Shared memory is memory that can be accessed by several programs at the same time, enabling them to communicate quickly and avoid redundant copies. Shared memory generally refers to a block of RAM accessible by several cores in a multi-core system. Computers with large amounts of shared memory and many cores per node are well suited for threaded programs, using OpenMP or similar.

Computer clusters built up of many off-the-shelf computers usually have smaller amounts of shared memory and fewer cores per node than custom-built single supercomputers. This means they are more suited for programs using MPI than OpenMP. However, the number of cores per node is going up and many-core chips are now common. This means that OpenMP programs as well as programs combining MPI and OpenMP are often advantageous.

Distributed parallelism

While shared memory parallelism works well inside a node, you need distributed parallelism if you want to scale to more cores than are in a node.

This is often done with MPI (Message Passing Interface) libraries. Processes/workers exchange information by sending and receiving messages/data. They can also share some memory.

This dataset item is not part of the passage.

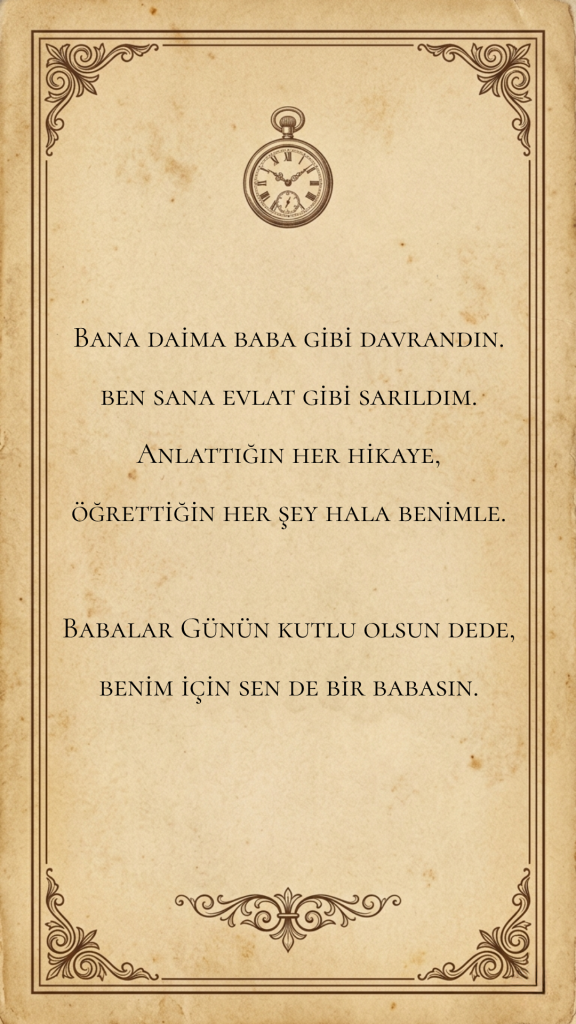 Dede için Babalar Günü tebrik kartı vintage tasarım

You need to write your code so it uses MPI or use software that is already prepared for it.

Hybrid parallelism

Sometimes code can be more efficient when using both OpenMP and MPI. This is called hybrid parallelism.

GPUs

Many computer clusters have GPUs in several of their nodes that jobs may take advantage of.

Originally, GPUs were used for computer graphics, but now they are also used extensively for general-purpose computing (GPGPU computing).

gpu-vs-cpu

Image of CPU and GPU components from NVidia. ALU = Arithmetic Logic Unit, and DRAM = Dynamic Random-Access Memory.

GPU-driven parallel computing is, among other things, used for:

  • scientific modeling
  • machine learning
  • graphical rendering

and other parallelizable jobs.

Difference between CPUs and GPUs

CPUs (Central Processing Units) are latency-optimized general-purpose processors designed to handle a wide range of distinct tasks sequentially.

GPUs (Graphics Processing Units) are throughput-optimized specialized processors designed for high-end parallel computing.

Whether you should use a CPU, a GPU, or both depends on the specifics of the problem you are solving.

Using GPUs

gpu

Programs must be written especially for GPUs in order to use them.

Several programming frameworks handle the graphical primitives that GPUs understand, like CUDA (Compute Unified Device Architecture), OpenCL, OpenACC, HIP, etc.

In addition to the above programming frameworks, you often have the option to use software that is already prepared for use on GPUs. This includes many types of MD software, Python packages, and others.